# Data section
◆ ◆ ◆ ◆ ◆

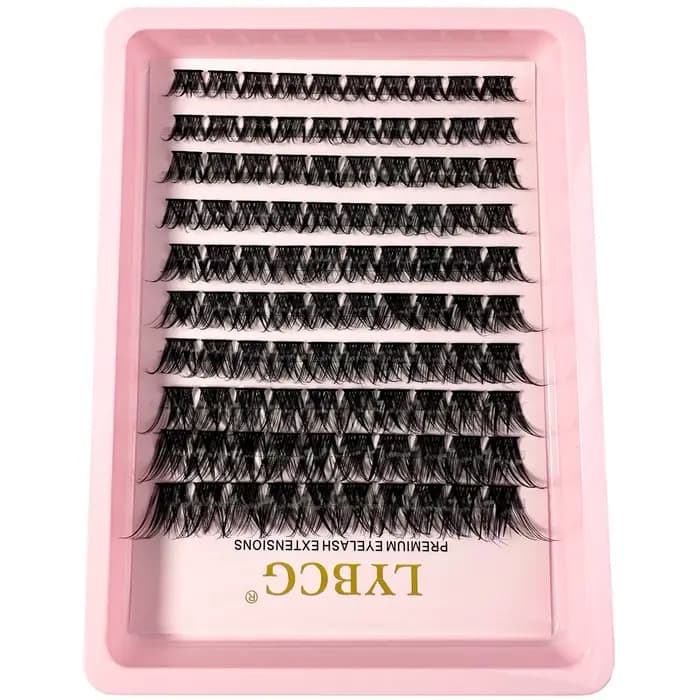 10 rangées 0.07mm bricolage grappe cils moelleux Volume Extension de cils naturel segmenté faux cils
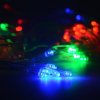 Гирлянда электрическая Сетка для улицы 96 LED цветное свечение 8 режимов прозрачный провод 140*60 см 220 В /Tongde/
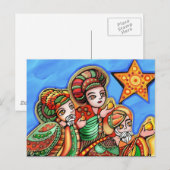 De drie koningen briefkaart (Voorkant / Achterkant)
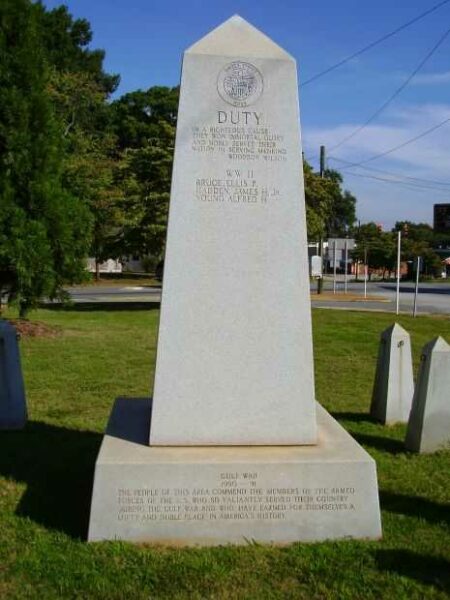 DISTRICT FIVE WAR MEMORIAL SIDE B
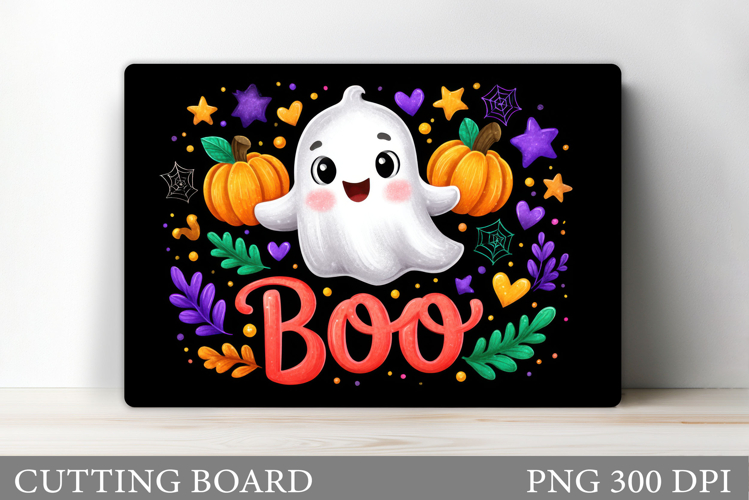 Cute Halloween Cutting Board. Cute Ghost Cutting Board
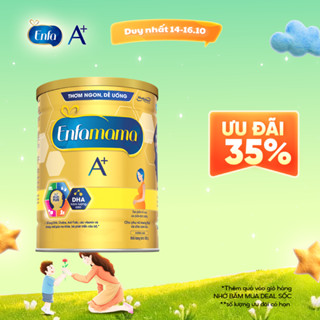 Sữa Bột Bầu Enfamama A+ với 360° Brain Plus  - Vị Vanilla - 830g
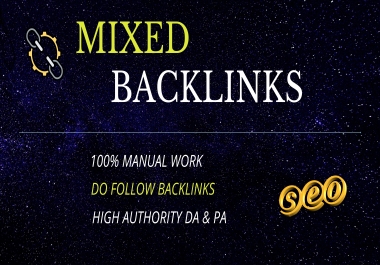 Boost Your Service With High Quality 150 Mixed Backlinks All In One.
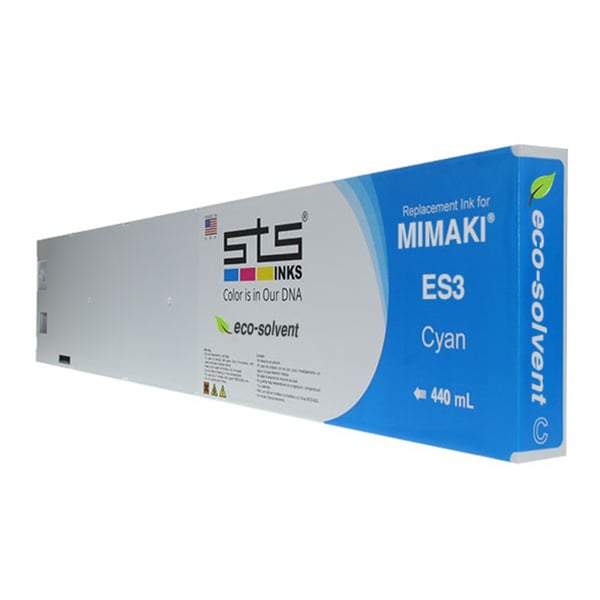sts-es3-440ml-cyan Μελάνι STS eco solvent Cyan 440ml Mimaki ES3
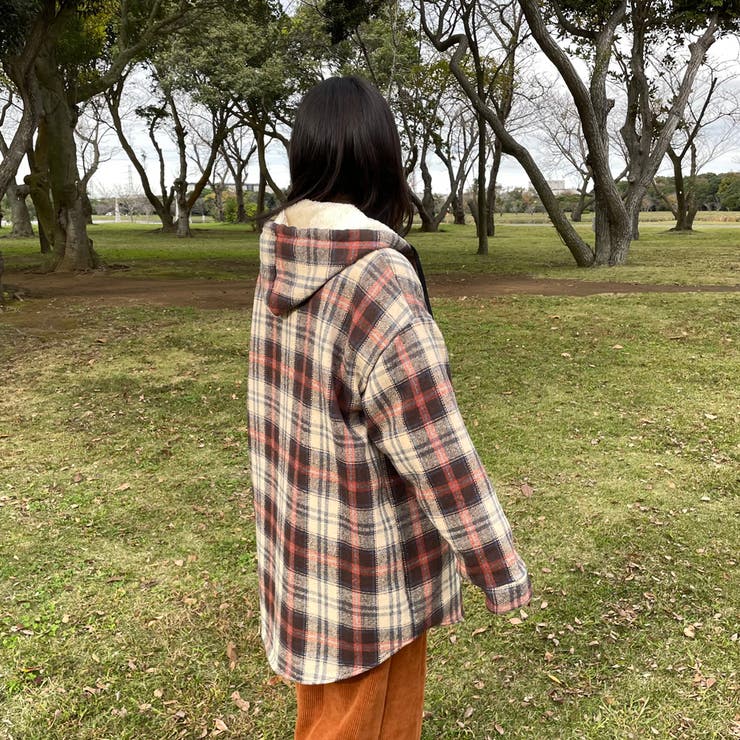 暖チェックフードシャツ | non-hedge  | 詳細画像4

◆ ◆ ◆ ◆ ◆

# Exercise
Please output the lines from the line that holds "DISTRICT FIVE WAR MEMORIAL SIDE B" through the final line of the material above, both included. Each line must match exactly, and pictures must be excluded.

# Result
 DISTRICT FIVE WAR MEMORIAL SIDE B
 Cute Halloween Cutting Board. Cute Ghost Cutting Board
 Sữa Bột Bầu Enfamama A+ với 360° Brain Plus  - Vị Vanilla - 830g
 Boost Your Service With High Quality 150 Mixed Backlinks All In One.
sts-es3-440ml-cyan Μελάνι STS eco solvent Cyan 440ml Mimaki ES3
 暖チェックフードシャツ | non-hedge  | 詳細画像4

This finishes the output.